→ Instructions for the task
Only the lines from the one containing "college building with" through the end of the entries are to be copied, exactly and without pictures, please.

→ Extracted data entries
━━━━━━━━━━
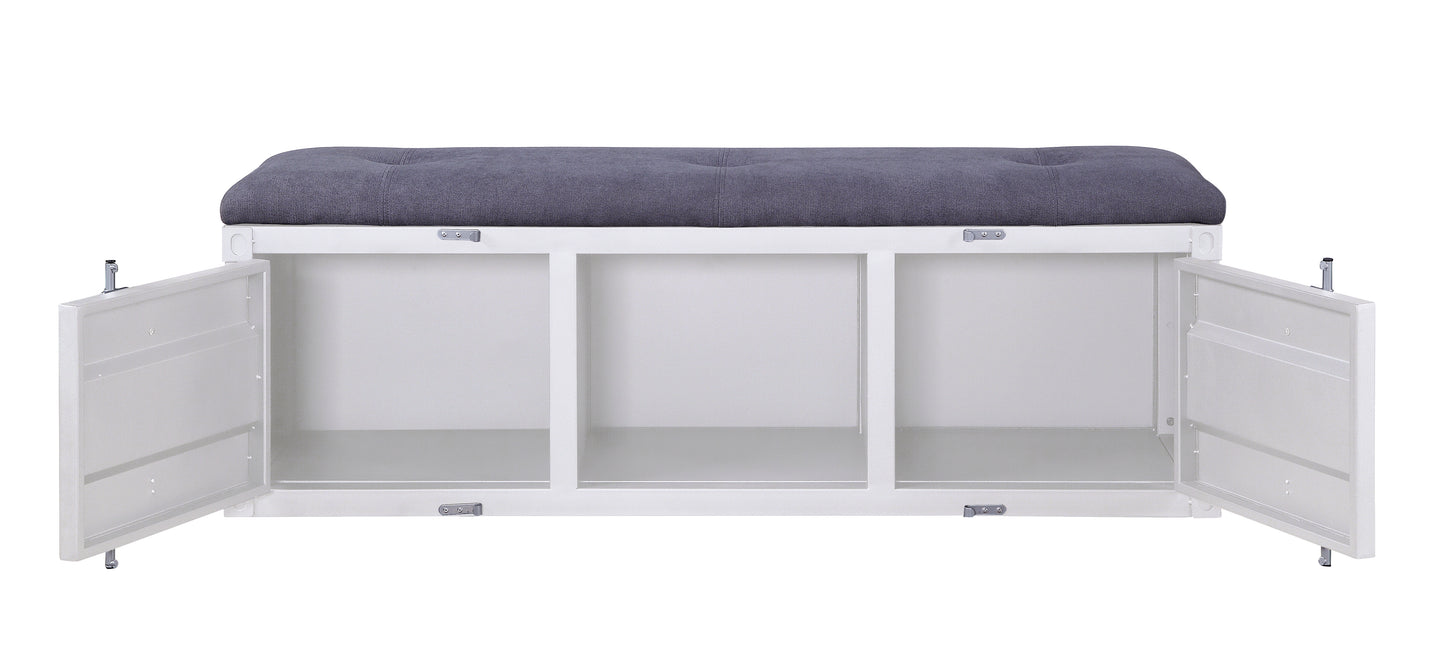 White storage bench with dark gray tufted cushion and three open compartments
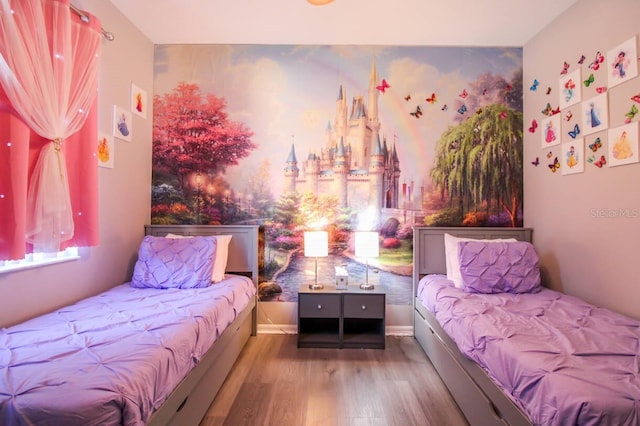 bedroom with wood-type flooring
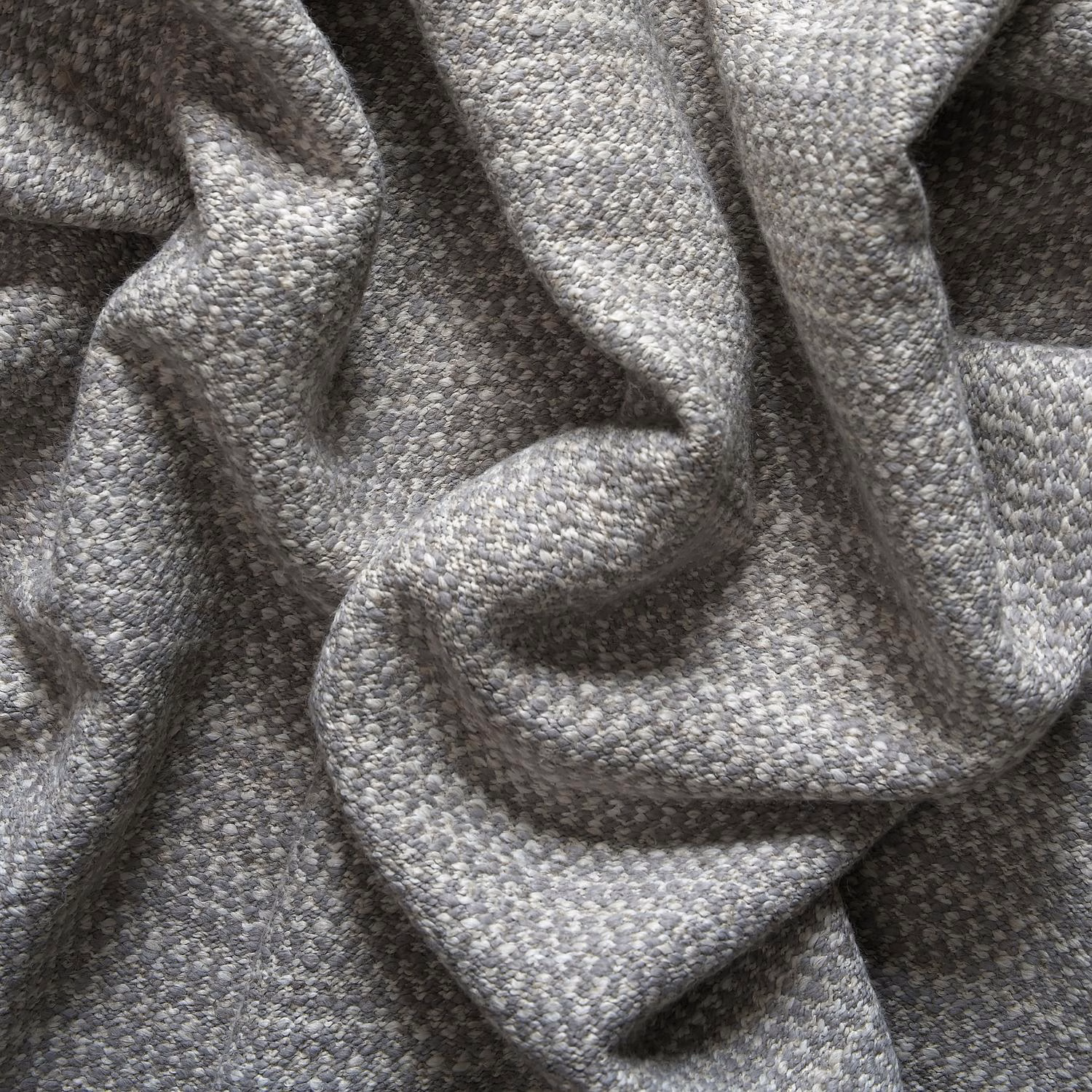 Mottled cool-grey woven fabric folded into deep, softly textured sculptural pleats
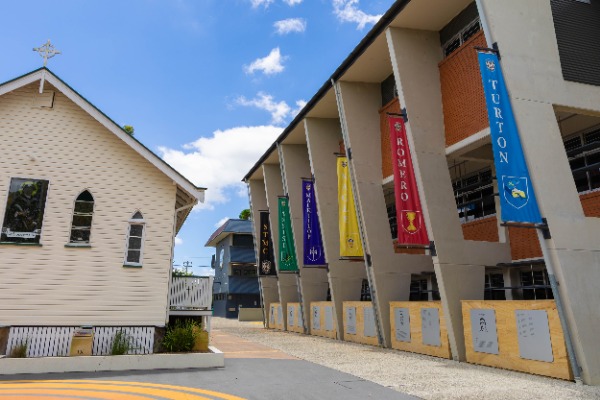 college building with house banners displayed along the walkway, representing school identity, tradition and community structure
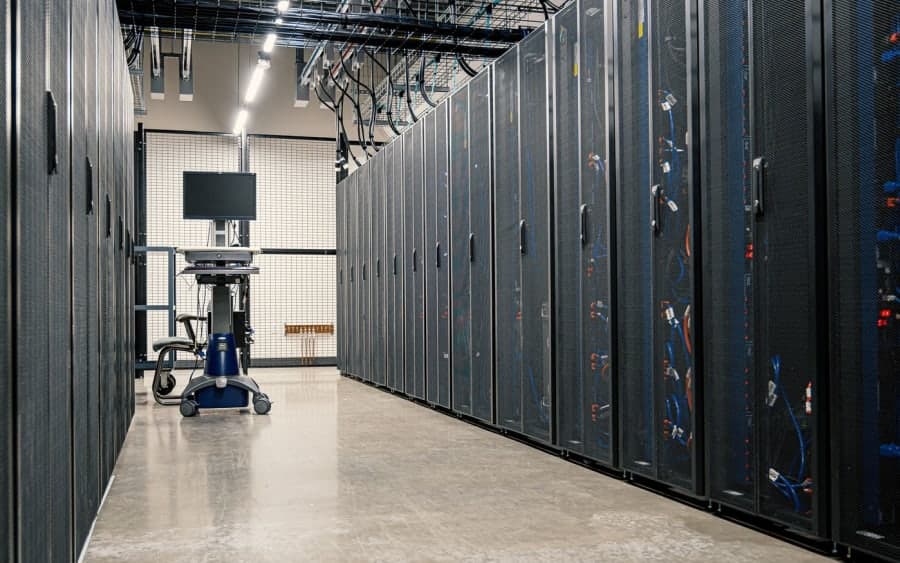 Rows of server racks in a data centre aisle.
━━━━━━━━━━
→ Answer to the exercise
 college building with house banners displayed along the walkway, representing school identity, tradition and community structure
 Rows of server racks in a data centre aisle.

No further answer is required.